- Traditional Chinese: 午夜心跳
- Simplified Chinese: 午夜心跳
- Hanyu Pinyin: Wǔ Yè Xīn Tiào
- Jyutping: Ng1 Je6 Sam1 Tiu3
- Directed by: Zhang Jiabei
- Screenplay by: Zhao Ben
- Story by: Yu Chuanling
- Produced by: Lee Shui Hap Ding Weimin
- Starring: Simon Yam Francis Ng Yang Yuyu Li Nian Yao Di
- Cinematography: Nakazawa Mayasuki
- Music by: Yasuda Fumio
- Production companies: Beijing Dadu Sunshine Film & TV Production Sichuan Tenglong Film Company
- Distributed by: China Film Group Corporation China Film Group Digital Film Distribution Fujian Hengye Film
- Release date: 24 December 2010;
- Country: China
- Language: Mandarin

= Midnight Beating =

Midnight Beating is a 2010 Chinese horror film directed by Zhang Jiabei and starring Hong Kong veteran actors Simon Yam and Francis Ng.

==Plot==

In the Haibei People's Hospital, Qinghai province, China, the present day on the night of a full moon, a patient is murdered by a syringe through her chest. This adds stress to the hospital's heart surgeon Gu Zhensheng who had recently lost his wife Xia Xue (Liu Yuxin) to an illness. Since his wife's death, Gu has been suffering from nightmares that has affected his work, and Xia Xue's younger sister, Nurse Xia Xiaoyu (Yang Yuyu) also is emotionally disturbed.

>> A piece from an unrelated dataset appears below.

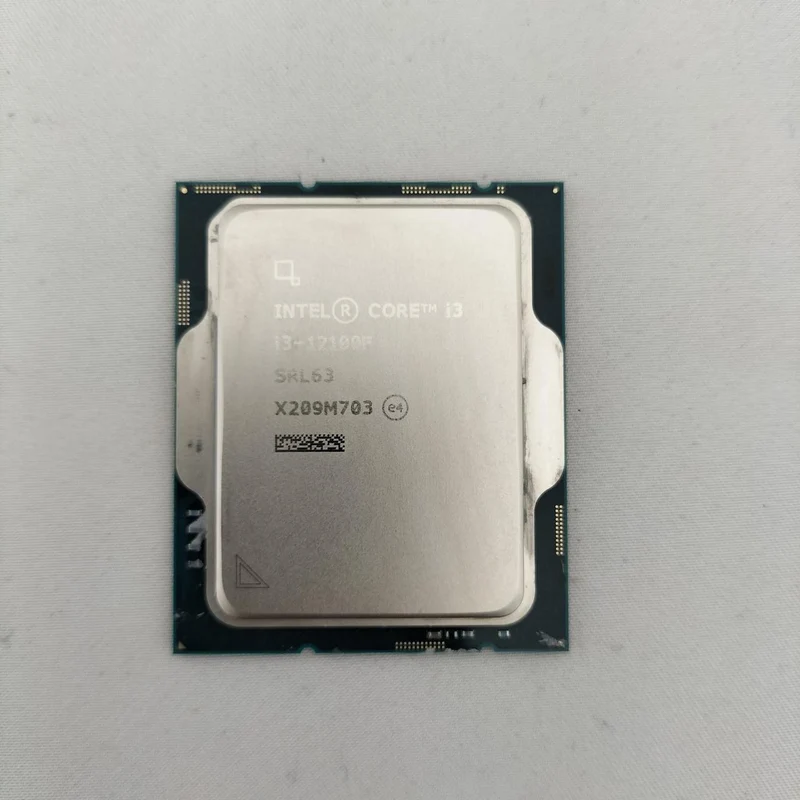 Intel Core i3-12100F CPU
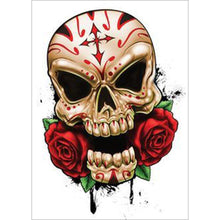 Load image into Gallery viewer, Skull Rose  - Full Diamond Painting - 30x40cm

The Hospital's director Wen Miao (Li Nian) is due for an operation for a weak heart. She's the fiancée of Mai Xiangyu (Francis Ng) the hospital's psychologist. Nurse Wu can't forgive Mai for breaking up with her and threatens to show his fiancée old photos of them having sex. One night, Wu is murdered in the same way as the old female patient. Gu tells hospital director Wen that Mai has been acting strangely lately, and Mai also tells him the same thing about Gu.

==Release==
Midnight Beating was released on December 24, 2010 in China. On its first week, Midnight Beating was the third highest-grossing film in China, being only beaten by If You Are the One 2 and Let the Bullets Fly. In total, the film grossed $4,731,045 in China.

==Reception==
Derek Elley, writing for Film Business Asia gave the film a five out of ten rating, who noted that the film is an "Okay hospital horror boasts good technique but is let down by a weak script."